Wednesday, February 27, 2013

Moment 111 - Goodbye

I can still vividly recall that particular moment when I bid goodbye to my friends and colleagues.  It was like carrying a heavy heart with all the withheld emotions ready to burst at any given time.  But there was something more.

We all know that along the course of time, our dealings with people around us are based on a bed full of roses with all those thorns and protruding springs.  We may not be able to count and remember all the hurts, pains, and inconveniences we caused on them.  Although, at some point, our colleagues may all remember these especially when they are mad.  But through it all, with all our shortcomings, we still manage to endure and live it all and continue to share our life with them.
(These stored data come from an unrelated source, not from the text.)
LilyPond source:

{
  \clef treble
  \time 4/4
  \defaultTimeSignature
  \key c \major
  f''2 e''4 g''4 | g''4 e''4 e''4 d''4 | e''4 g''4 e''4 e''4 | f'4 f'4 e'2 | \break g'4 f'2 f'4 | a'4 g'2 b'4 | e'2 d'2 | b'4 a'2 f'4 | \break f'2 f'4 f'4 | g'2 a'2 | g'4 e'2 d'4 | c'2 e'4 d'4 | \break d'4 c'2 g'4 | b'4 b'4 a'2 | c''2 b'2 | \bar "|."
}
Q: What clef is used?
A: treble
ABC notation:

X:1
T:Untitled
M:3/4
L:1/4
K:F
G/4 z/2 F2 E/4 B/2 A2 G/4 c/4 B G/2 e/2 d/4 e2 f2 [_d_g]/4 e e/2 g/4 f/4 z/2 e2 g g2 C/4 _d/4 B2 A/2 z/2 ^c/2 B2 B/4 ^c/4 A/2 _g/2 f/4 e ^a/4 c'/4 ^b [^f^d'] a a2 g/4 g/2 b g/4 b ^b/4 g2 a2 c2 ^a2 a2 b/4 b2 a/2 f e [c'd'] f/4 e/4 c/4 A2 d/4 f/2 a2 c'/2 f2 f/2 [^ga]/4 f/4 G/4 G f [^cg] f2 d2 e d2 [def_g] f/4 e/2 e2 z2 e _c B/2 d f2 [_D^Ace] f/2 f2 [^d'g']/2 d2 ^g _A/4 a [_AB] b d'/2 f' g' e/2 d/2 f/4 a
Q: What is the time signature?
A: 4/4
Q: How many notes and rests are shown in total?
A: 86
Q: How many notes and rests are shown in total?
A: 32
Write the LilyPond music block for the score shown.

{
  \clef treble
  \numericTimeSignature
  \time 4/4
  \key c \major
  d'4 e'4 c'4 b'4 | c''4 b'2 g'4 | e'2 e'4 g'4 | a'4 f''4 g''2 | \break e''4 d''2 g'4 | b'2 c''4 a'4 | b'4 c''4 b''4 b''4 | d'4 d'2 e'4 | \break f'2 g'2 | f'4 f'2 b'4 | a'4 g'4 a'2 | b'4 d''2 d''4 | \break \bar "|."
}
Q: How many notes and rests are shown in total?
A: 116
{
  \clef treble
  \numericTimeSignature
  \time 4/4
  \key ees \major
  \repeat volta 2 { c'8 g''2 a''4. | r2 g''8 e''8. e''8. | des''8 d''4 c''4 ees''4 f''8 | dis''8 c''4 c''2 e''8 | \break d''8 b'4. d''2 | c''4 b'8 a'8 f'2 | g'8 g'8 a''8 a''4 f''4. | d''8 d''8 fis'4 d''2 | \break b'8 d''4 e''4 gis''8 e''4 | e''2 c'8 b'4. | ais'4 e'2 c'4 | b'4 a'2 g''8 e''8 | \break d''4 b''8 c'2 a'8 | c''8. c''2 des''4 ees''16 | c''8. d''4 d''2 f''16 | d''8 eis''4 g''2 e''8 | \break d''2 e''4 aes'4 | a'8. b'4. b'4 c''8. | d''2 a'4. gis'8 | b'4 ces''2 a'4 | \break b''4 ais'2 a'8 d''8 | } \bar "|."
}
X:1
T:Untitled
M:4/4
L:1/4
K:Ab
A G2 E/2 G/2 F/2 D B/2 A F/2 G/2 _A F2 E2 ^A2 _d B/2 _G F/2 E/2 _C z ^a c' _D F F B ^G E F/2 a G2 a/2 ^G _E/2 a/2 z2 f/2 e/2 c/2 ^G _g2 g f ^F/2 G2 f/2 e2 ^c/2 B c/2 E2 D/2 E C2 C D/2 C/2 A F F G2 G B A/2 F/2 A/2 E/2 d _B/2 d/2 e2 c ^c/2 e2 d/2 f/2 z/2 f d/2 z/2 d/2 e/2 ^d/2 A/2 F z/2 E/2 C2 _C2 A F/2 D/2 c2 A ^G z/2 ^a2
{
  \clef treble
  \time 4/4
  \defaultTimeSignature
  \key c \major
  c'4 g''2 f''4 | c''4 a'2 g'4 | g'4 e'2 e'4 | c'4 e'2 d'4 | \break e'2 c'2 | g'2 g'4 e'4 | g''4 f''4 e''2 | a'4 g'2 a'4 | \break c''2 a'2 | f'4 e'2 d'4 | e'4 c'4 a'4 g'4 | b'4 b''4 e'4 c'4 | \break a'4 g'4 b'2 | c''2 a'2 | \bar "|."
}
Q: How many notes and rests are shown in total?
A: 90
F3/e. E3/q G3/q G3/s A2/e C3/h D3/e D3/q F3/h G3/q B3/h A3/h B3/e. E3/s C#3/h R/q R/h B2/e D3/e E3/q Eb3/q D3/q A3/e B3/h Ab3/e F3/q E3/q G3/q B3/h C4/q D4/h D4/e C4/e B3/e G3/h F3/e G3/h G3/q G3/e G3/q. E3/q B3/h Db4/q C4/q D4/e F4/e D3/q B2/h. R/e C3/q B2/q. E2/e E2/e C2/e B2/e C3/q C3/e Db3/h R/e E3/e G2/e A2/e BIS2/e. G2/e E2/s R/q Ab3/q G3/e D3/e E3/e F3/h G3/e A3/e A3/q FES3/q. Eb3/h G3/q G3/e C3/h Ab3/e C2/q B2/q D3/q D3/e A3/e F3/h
Since it was time for me to say goodbye and start something new, I just asked for forgiveness to one and all.  Maybe it was the right thing to do, to say sorry and step out with a clear conscience.  At least, if there are some ill feelings, it could be iron out with my humble gesture.  

Upon hearing my what-seem-to-be-a-final-parting-gesture, some of my colleagues got mad.  They were not mad at me but with what I said to them.  They said that it was like I am going to die with my parting act.  Maybe.  But I did not entertain the thought of dying.  I just want them to know that if it would be our last moment together, then, I'll have no regrets afterwards because I have done my part.